I think the complement sandwich can be useful as a stepping stone to good communication. That said, I think of it as a narrow formulation of a more general (and less precisely defined) approach to conversation that I might point to with phrases like “work with people where they are at” and “be aware of the emotions that your words induce in other people”. There was an article on LessWrong that I can’t find, arguing that clear communication is worded to pre-emptively avoid likely misunderstandings and misconceptions. The idea I’m pointing to is like that, but concerning the emotional interpretation of your words rather than the literal meaning. I think this can apply just as much to the rationalist community as to any other community (although I haven’t had any conversations with rationalists so I don’t know for sure).
Like literary and conversational techniques in general, if they are followed as a hard rule then they risk coming across as formulaic and hence inauthentic. However I can imagine that it might be useful to adopt the complement sandwich as a rule until you gain a deeper understanding of the underlying mechanics.
Very interesting post.

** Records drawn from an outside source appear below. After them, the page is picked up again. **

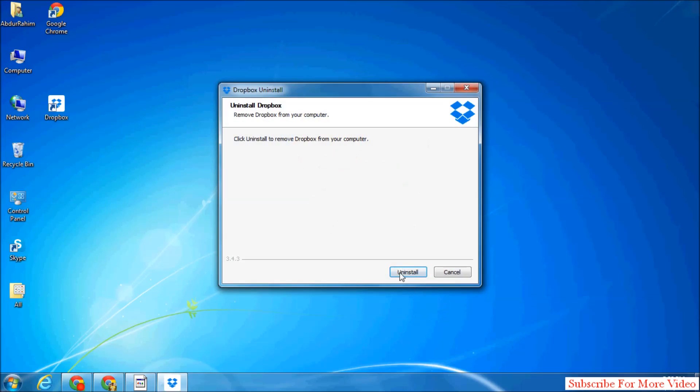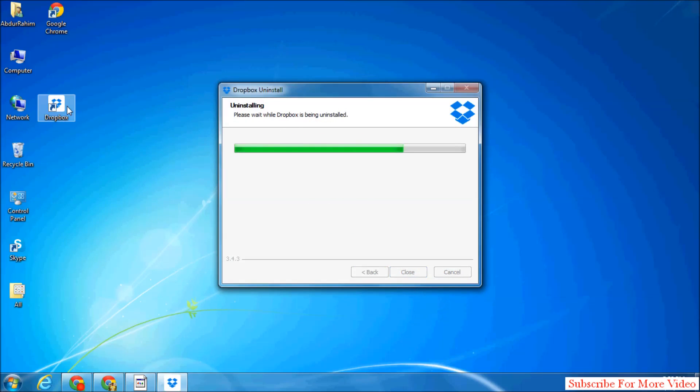Simply click on Uninstall and it will be uninstalled from your computer. It will take some time to complete the process.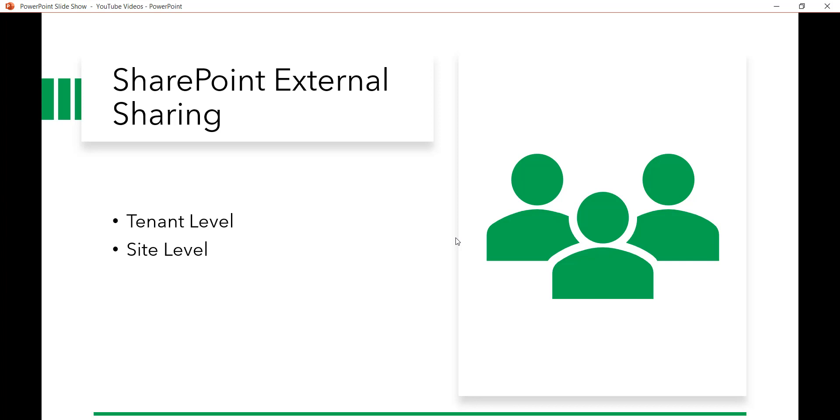So now let us open our Office 365 tenant and we will see how we can proceed with external sharing.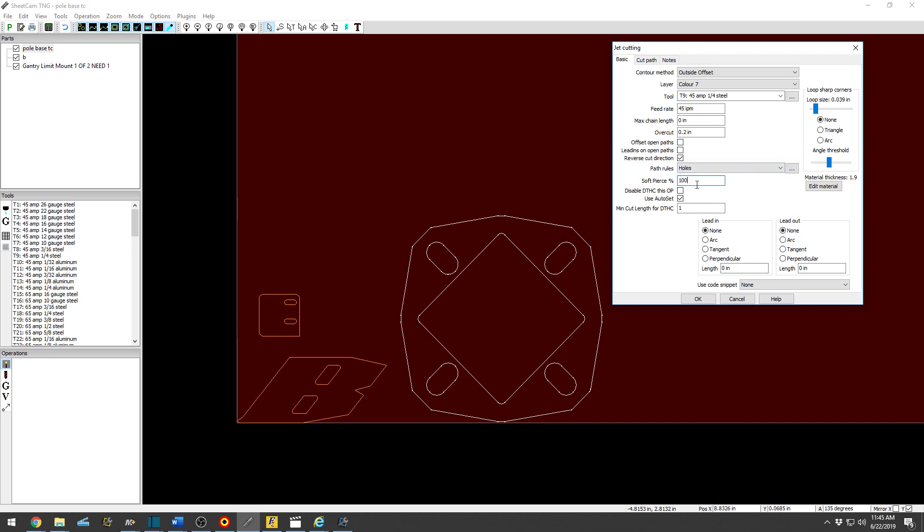Soft pierce, you are only going to have this function if you have the HyConnect, but quarter inch 100 is just fine. So lead-in arc, and then I will change this to Tangent so you can see the difference.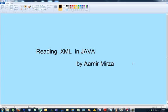XML essentially is information encoded in a totally user-defined format. At the end of the day, you define what an XML file should contain, and after you've done it, it basically is the easiest way to interchange data and to store data of any kind. What I'm going to teach you in this tutorial is how to load and read an XML file and create a Java object from it.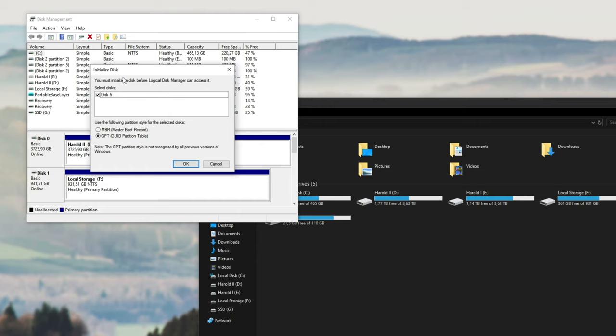Then you should have this pop up here: initialize disk. You must initialize a disk before logical disk manager can access it, which is this over here. So simply select either MBR or GPT. If you're already running Windows, you should probably select GPT because you won't be booting off of the drive.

I’ll be interested to see how this fits in with other psychological frameworks that have been posited on this forum, like Chipmonk’s and Steven Byrnes’.
Some of what you’ve said so far resonates with me—I have had the experience of a particular instance of suffering dissolving pretty quickly once I noticed that the thing I was observing and the suffering I felt from it are distinct and can be separated from each other. Some of this seems unlike anything I’ve heard before (like the Attention-Respect-Security model) and I’m curious to see how this works in practice.